The need to overcome low self-image and to be thick-skinned enough to overlook demeaning opinions of others is at the heart of Neil LaBute’s Fat Pig, now in its West Coast premiere (through June 10) at the Geffen Playhouse’s Audrey Skirball Kenis Theater in Los Angeles. The title suggests a much nastier piece of work than this 90-minute, intermission-less script from the smart and fearless author of such plays as The Shape of Things, Autobahn, and Bash and the films In the Company of Men, Nurse Betty, and Your Friends and Neighbors.
Instead, Fat Pig seems to settle in more like a contemporary television dramedy with a single story line and stock characters from hit shows. There's a further dimension of familiarity in the attracted opposites at its core, who give it a Disney fable quality: like a reverse anthropomorphizing of incompatible cartoon animals out to set an example for the rest of the forest. Yet the kind of menace that LaBute previously employed in his unsettling comedies shadows this story beneath the surface, waiting until the final curtain to rise up and make us pay for our laughs.
Obesity in this country is, of course, no joke. There’s no question that it is dangerous to be greatly overweight and/or the victim of compulsive overeating, yet LaBute manages to have his cake and eat it, too. His characters divide between master purveyors of fat jokes and heart-breaking targets of them. We are early on given permission to laugh when the character referenced by the mean-spirited title reveals that she is quite comfortable in her own skin. Fat Pig is in fact not about how or why one becomes obese, but about the more universal issue of how groups treat the "other," and what happens when people try to see past those definitions.
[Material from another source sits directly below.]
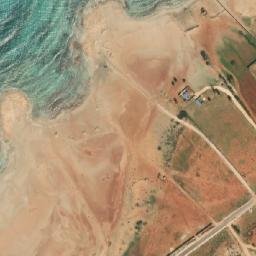 Satellite imagery of Jazīrat Khashm al Kalb, LY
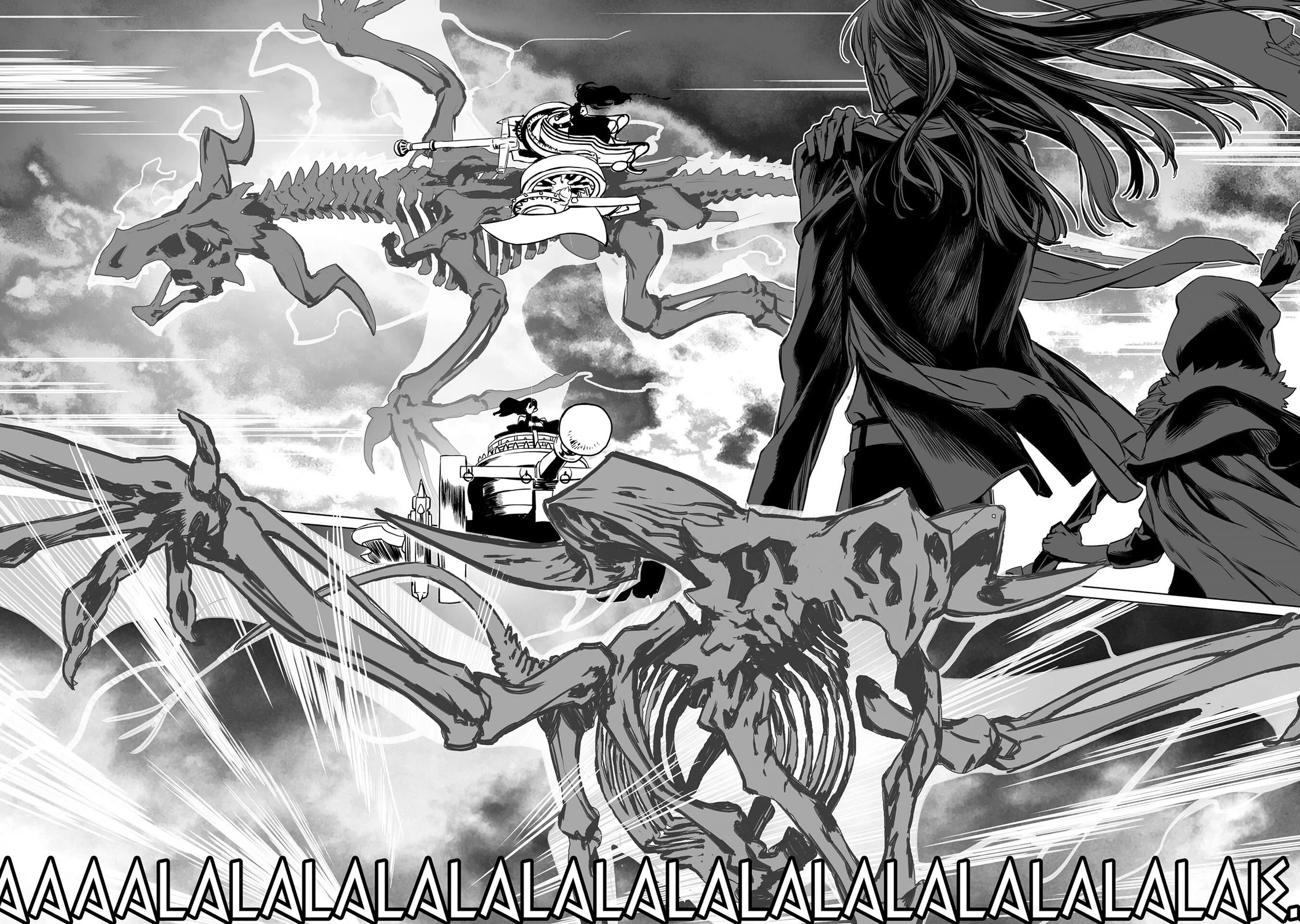 Lord El-Melloi II-sei no Jikenbo Chapter 43 page 9 - Chapter 43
LaBute and director Jo Bonney push the question of how audience members will react when the title character first appears to the forefront. They immediately turn the tables by stationing Helen (Kirsten Vangsness) on stage for pre-show. Standing at a high table, eating what looks to be a starchy lunch from a cafeteria tray, she occasionally looks up from Walter Isaacson’s hefty new Einstein biography (she's a librarian and voracious reader) and looks around the lunchroom at the audience without making eye contact. Accustomed to eating alone, she has spread her gear over the two-person tabletop, which forces Tom (Scott Wolf) to make eye contact and conversation with her when he needs a spot.